Request for assistance with OAK-D POE CM4 and Jetson TX2 integration

Babacar · Jul 21, 2023

Hi,

I'm currently working on a project using the OAK-D POE CM4 camera, and I'm encountering latency issues when using the DeepSORT algorithm in real-time. The latency is around 9 seconds, which is far too high for my project's needs.

I have an NVIDIA Jetson TX2 platform that I'd like to use to speed up the processing of the algorithm.
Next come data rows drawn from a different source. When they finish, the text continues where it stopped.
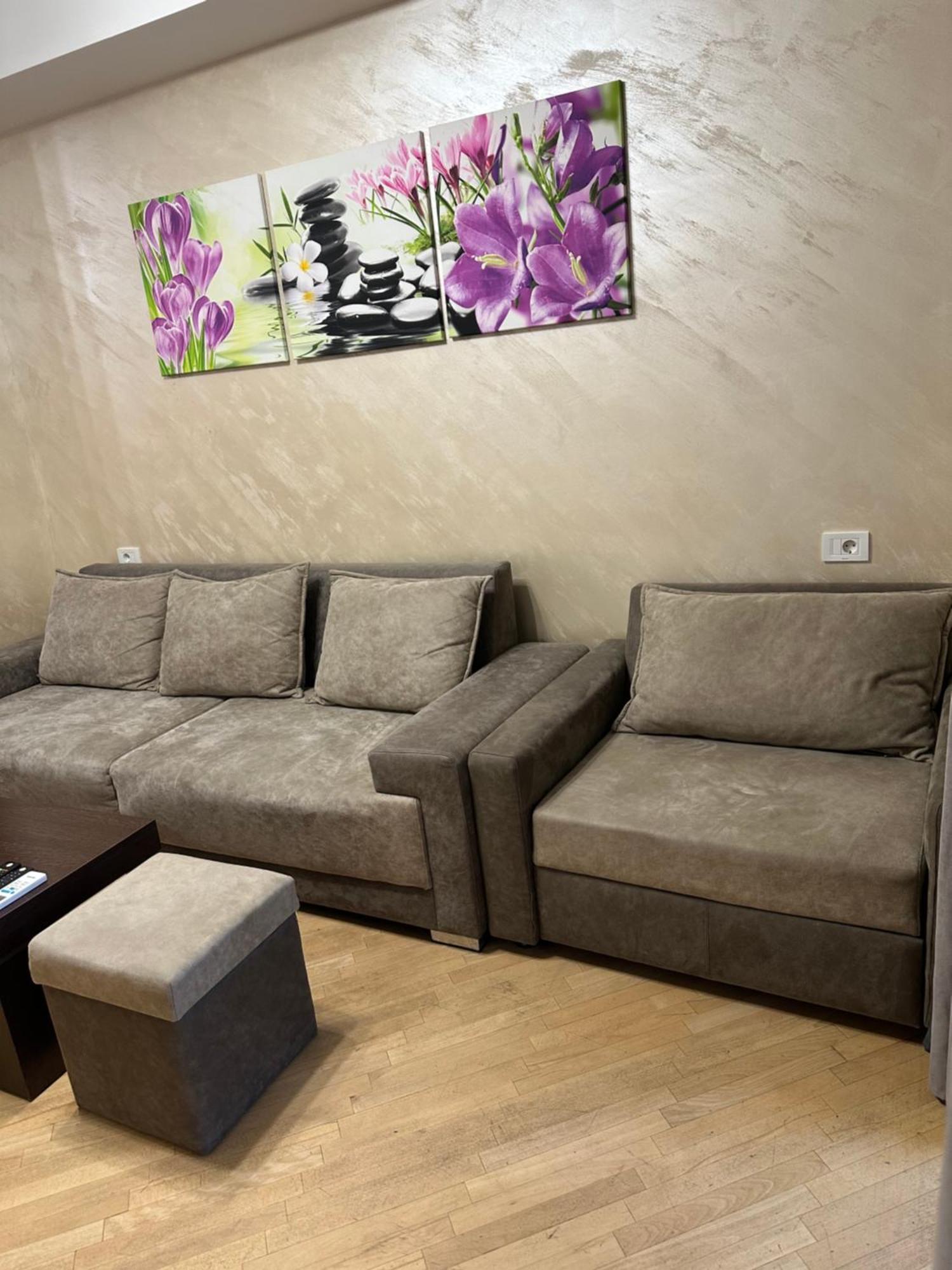 Comfortable apartment in center Erévan Extérieur photo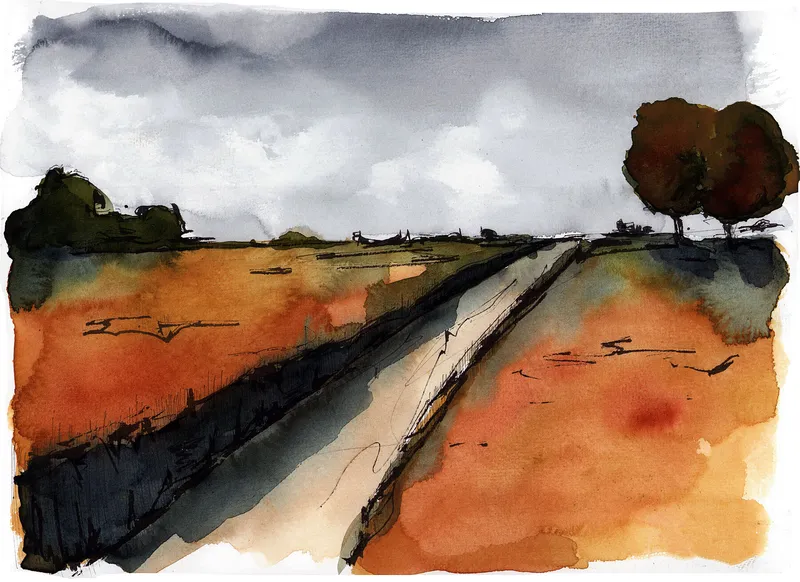 Aquarell: Von der Skizze zur Kunstform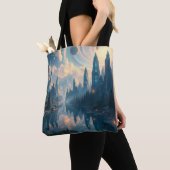 いつか未来のどこかで海賊の入り江 トートバッグ (クローズアップ)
However, I'm unsure how I can integrate it given that the OAK-D POE CM4 camera is integrated with a Raspberry Pi CM4 board.
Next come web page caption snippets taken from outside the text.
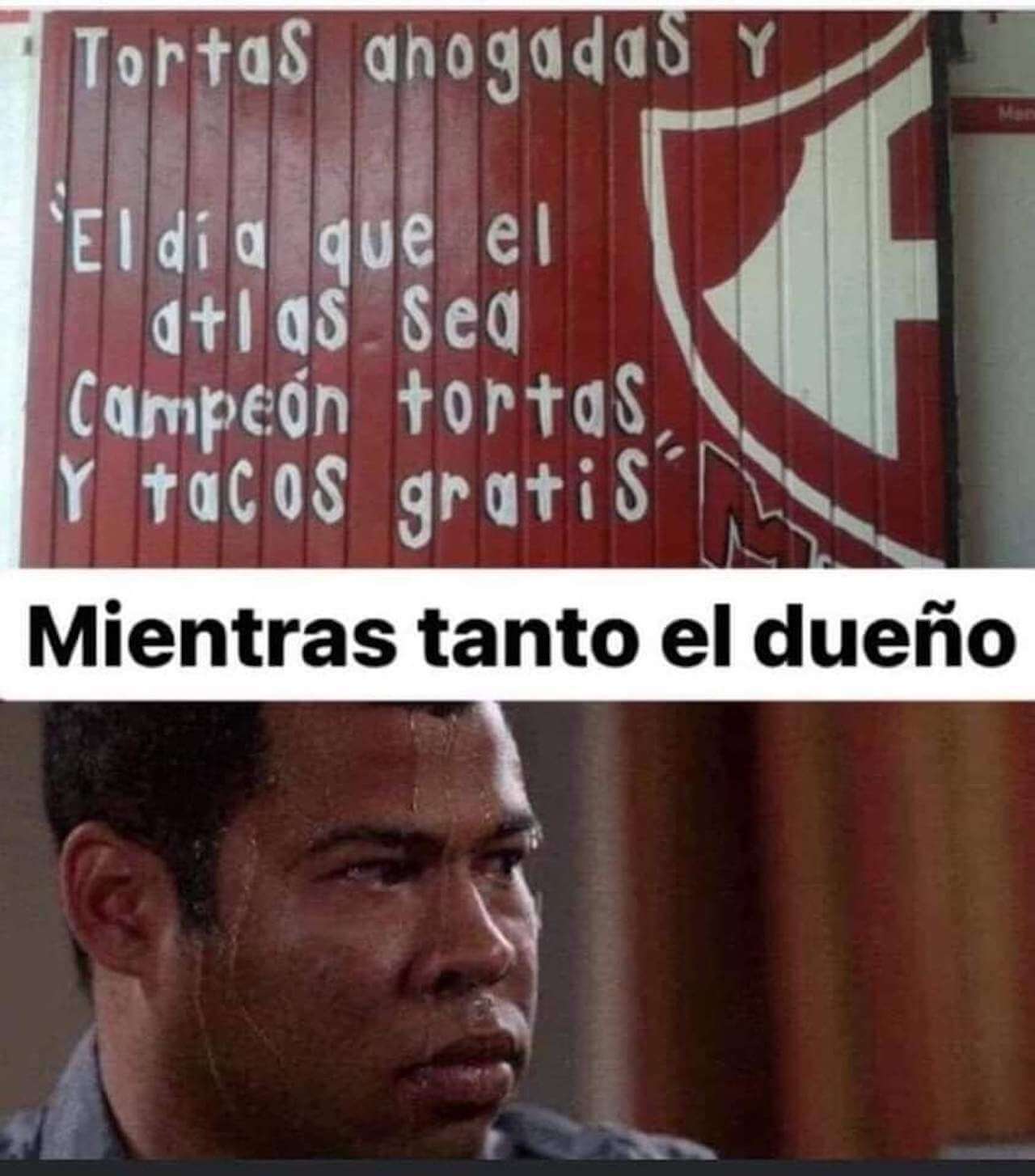 meme dueÃ±o atlas campeon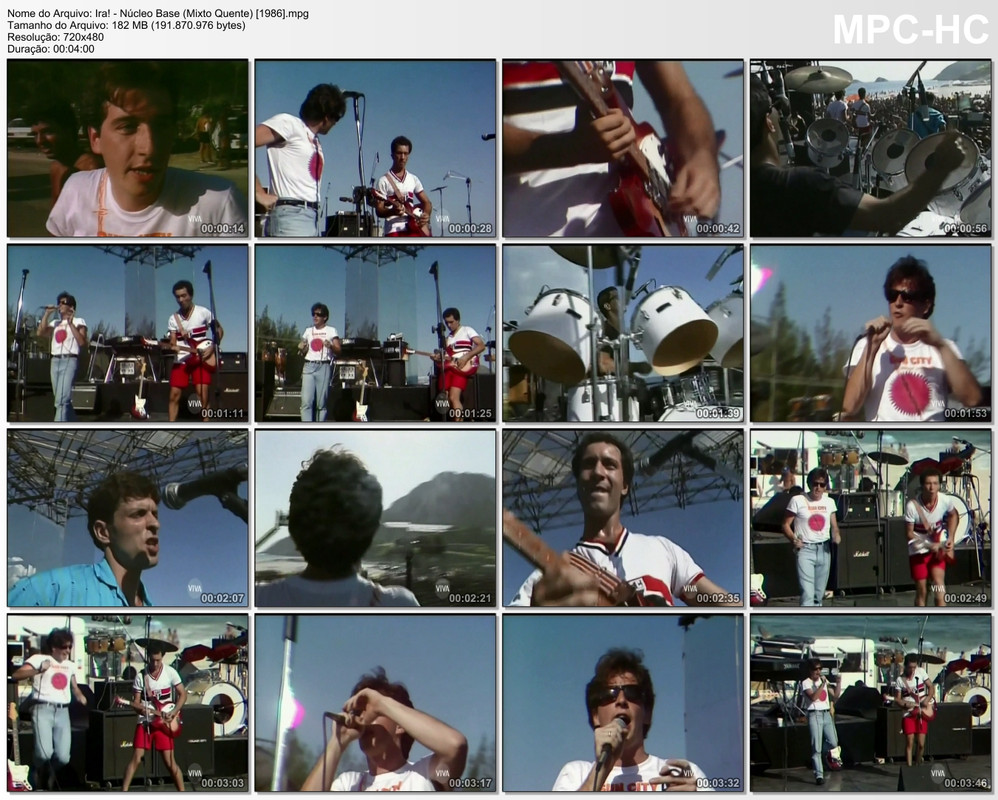 Ira! - Núcleo Base (Mixto Quente) [1986]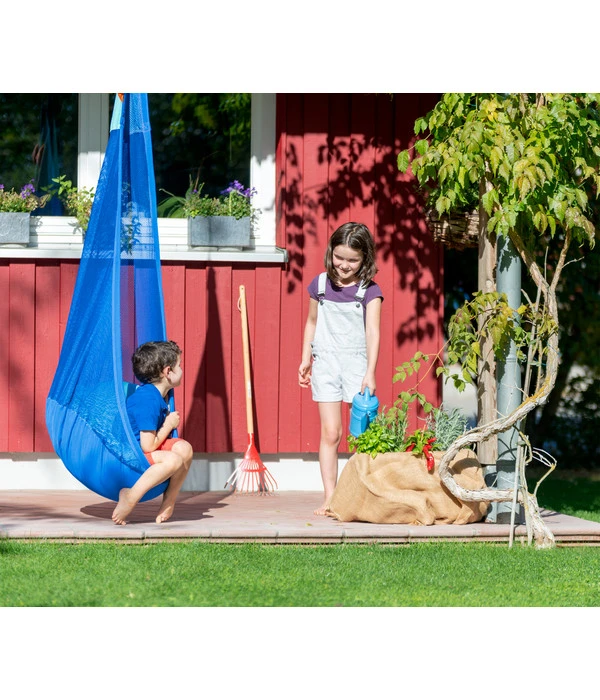 La Siesta Kinder-Hängehöhle Joki Air, Blau 6 La Siesta Kinder-Hängehöhle Joki Air, Blau – Bild 4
Do you have any suggestions on how I could share processing tasks between the Raspberry Pi and the Jetson TX2, or any general recommendations on how I might reduce the latency of my system?
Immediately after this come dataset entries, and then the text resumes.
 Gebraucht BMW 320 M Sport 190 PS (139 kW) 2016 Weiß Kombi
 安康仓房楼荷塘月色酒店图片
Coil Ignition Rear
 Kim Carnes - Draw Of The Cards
Thanks in advance for your help, and I look forward to your guidance.

Best Regards,

Babacar

jakaskerl · Jul 22, 2023

Hi Babacar
Afaik there really isn't a way of connecting the CM4 POE VPU to jetson since it's tightly integrated with Rpi. A latency of 9 seconds seems a little extreme. Did you follow a guide for setting up Deepsort? Where do you see latency coming from; is OAK the issue or is it RPI processing that's causing it?

Thanks,
Jaka

Babacar · Jul 24, 2023

hello jakaskerl

I followed this setup guide (https://github.com/luxonis/depthai-experiments/tree/422abacfab83fe8fa2035b80c46f9afdc7a1c374/gen2-deepsort-tracking) for DeepSort, but I cannot determine with certainty whether the latency is coming from the OAK module or the Raspberry Pi's processing, as they are tightly integrated and interdependent.

jakaskerl · Jul 24, 2023

Hi Babacar
I tested the script on my machine and got around 1s of latency. This would lead me to believe it's the raspberry pi that is incapable of fast processing. How are you measuring the latency? Where are you viewing the camera feed?

Thanks,
Jaka

Babacar · Jul 24, 2023

jakaskerl

I am using an Oak-D PoE CM4 camera, so all the processing is done directly on the Raspberry Pi board. To measure the latency, I view the camera feed on the Raspberry Pi by connecting via SSH from my computer.

jakaskerl · Jul 25, 2023

Hi Babacar
Than the problem is that SSH-ing from a PC introduces even more latency into the pipeline, which is not there when running the CM4 on its own (what it's designed for). I suggest you to view the latency measurements using getTimestamp() on frames on the RPI and check the those values instead of looking at the camera feed which will depending on the image size (and ETH connection) introduce even more latency - possibly the largest portion of it.

Here are some examples:
https://docs.luxonis.com/projects/api/en/latest/samples/host_side/latency_measurement/

Thanks,
Jaka

Babacar · Jul 25, 2023

Hi jakaskerl

But how to launch the program without connecting via SSH? By opening the camera and plugging in an HDMI cable? I tried that, but I'm not receiving any image on my screen.

Babacar · Jul 25, 2023

jakaskerl

Here are the results I obtained by running the code on my Raspberry Pi via an SSH connection:

Latency: 108.63 ms, Average latency: 103.88 ms, Standard deviation: 10.33
Latency: 112.14 ms, Average latency: 103.90 ms, Standard deviation: 10.32
Latency: 115.76 ms, Average latency: 103.92 ms, Standard deviation: 10.33
Latency: 99.22 ms, Average latency: 103.91 ms, Standard deviation: 10.32

jakaskerl · Jul 25, 2023

Hi Babacar
Ok, this is great and means the OAK is capable of doing it real-time. Can you also time the loop on RPI without showing a preview (this is usually most resource intensive).

Thanks,
Jaka

Babacar · Jul 26, 2023

Hi jakaskerl

Thank you for your previous insights. I want to clarify that the latency measurements I shared with you earlier were taken without showing the preview (I had commented out `cv2.imshow('frame', imgFrame.getCvFrame())`).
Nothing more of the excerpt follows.